In the run up to the Election, the Oxford economist, Simon Wren-Lewis, wrote an excellent series of blog posts entitled, ‘Mediamacro myths’, where he drew attention to the false claims made by the Tories and their supporters about Labour’s record in office and their own economic policy achievements. These include the charge that Labour was financially profligate between 1997 and 2008 and that Austerity has worked. So I was surprised to read a more recent post in which he questions whether Labour in general and Ed Balls in particular had any choice but to commit to reducing the Deficit by making cuts in public spending now, now, now! As he put it:
Some, like Robert Skidelsky for example, describe these movements, and a failure to extol the virtues of fiscal policy under Labour, as a mistake. However, I suspect that if Labour’s shadow Chancellor Ed Balls could ever speak the truth, he would say that he did not want to gradually acquiesce to the austerity line, but the evidence from focus groups was overwhelming. Defending Labour before the financial crisis was pointless because it just reminded people that the Great Recession happened under their watch, and that Labour (like everyone else) gave finance too free a hand. The ‘too far, too fast’ line just sounded feeble when the news was all about the Eurozone crisis. In the end, Labour just had to be ‘tough on the deficit’.

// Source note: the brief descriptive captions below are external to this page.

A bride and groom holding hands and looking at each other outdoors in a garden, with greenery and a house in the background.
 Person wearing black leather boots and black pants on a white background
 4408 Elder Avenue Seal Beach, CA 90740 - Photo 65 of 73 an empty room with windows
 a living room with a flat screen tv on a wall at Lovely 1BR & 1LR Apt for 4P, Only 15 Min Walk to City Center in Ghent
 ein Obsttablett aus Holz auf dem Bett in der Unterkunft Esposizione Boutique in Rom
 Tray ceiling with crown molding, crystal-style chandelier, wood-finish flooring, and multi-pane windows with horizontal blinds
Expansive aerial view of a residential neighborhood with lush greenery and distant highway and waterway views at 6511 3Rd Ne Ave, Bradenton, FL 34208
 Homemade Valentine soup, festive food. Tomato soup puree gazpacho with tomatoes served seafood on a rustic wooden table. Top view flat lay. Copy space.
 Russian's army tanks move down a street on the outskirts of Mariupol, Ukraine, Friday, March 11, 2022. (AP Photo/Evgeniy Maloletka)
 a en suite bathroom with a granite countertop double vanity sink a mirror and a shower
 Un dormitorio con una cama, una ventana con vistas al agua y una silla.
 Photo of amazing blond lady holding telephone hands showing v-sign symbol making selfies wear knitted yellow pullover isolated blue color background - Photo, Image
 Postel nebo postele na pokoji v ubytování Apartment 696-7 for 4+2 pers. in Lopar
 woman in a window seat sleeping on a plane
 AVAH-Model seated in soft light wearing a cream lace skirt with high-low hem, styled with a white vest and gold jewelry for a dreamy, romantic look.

Do we have to be so pessimistic? After all, the Labour Party had 5 years in which to develop and sell its own narrative about its record in office. A story could have been told about all the achievements of the Blair-Brown era - the minimum wage and increasing funding for the NHS up to European levels to name but a few. This could have been followed by an explanation of how this period of progressive improvement was brought to an end by the worst Recession in 300 years. The Recession was the result of a crisis in financial markets that was conceived, designed and delivered by the private sector. There could have been a mea culpa about how Labour in office was seduced, along with all other governments in the developed world, by the argument that markets needed only light touch regulation. The Great Recession showed how the public needed protecting from what the drive for profit maximisation will create in a free market that is left to its own devices. Once you have established the case for the State as regulator and protector and that this role has to be more interventionist and robust than previously accepted, you could go on to talk about other things that the State can do to benefit everyone, not just the poor and needy. For example, the economist Mariana Mazzucato, who wrote the book, The Entrepreneurial State, in which she shows how the technological innovations that made the iPhone possible were created by state-funded research programmes, has suggested that we should be talking about the State as a major wealth creator.
Is this just too fanciful?
One of Ed Miliband’s achievements as Labour Leader was to make inequality an issue. I remember initially when he and other Shadow Cabinet members started talking about the ‘Squeezed Middle’, people laughed as it conjured up images of people walking around in varying degrees of discomfort because their trousers were too tight. But gradually, as the points being made were based on the facts, the issue, re-presented more snappily as ‘The Cost Of Living Crisis’, gained traction in the public mind and in the media. The proof of this was that during the last part of the Coalition government, the Tories found that they had to try to counter this issue. Thus, in February this year, we saw David Cameron telling bosses to give workers a pay rise. Then in March, an IFS paper that explained that since 2007/8, living standards had fallen for everyone except those over 60, was spun as proof that living standards had risen. Most bizarrely of all, the approach of deflation which is generally understood to be a bad thing (otherwise why does George Osborne charge the Bank of England with the job of keeping inflation at 2% rather than zero??!) was hailed as a brilliant policy achievement as it was argued that it would raise real incomes even as nominal pay remained subdued.
So, it was possible to set the policy and campaigning agenda, even if the attempt met with a less than enthusiastic reception initially. The problem with Labour’s decision to embrace Austerity economics was not just that it meant a refusal to rebut the argument that it had been spendthrift in office, but that it seemingly led to an unwillingness to defend anything about its record in office. Does anyone remember the 18 month hospital waiting lists that were normal under John Major, of Gordon Brown’s achievements on Third World debt forgiveness? Talking of forgiveness, it seems to me that if Labour continues to refuse to defend its record in government then it will have to rely on the Electorate’s willingness to forgive it for all its supposed failings before it can be re-elected. Or, of course, wait until everyone who was around in the Naughties either forgets or dies. I, for one, would like to put my trust in something a bit more inspiring than this.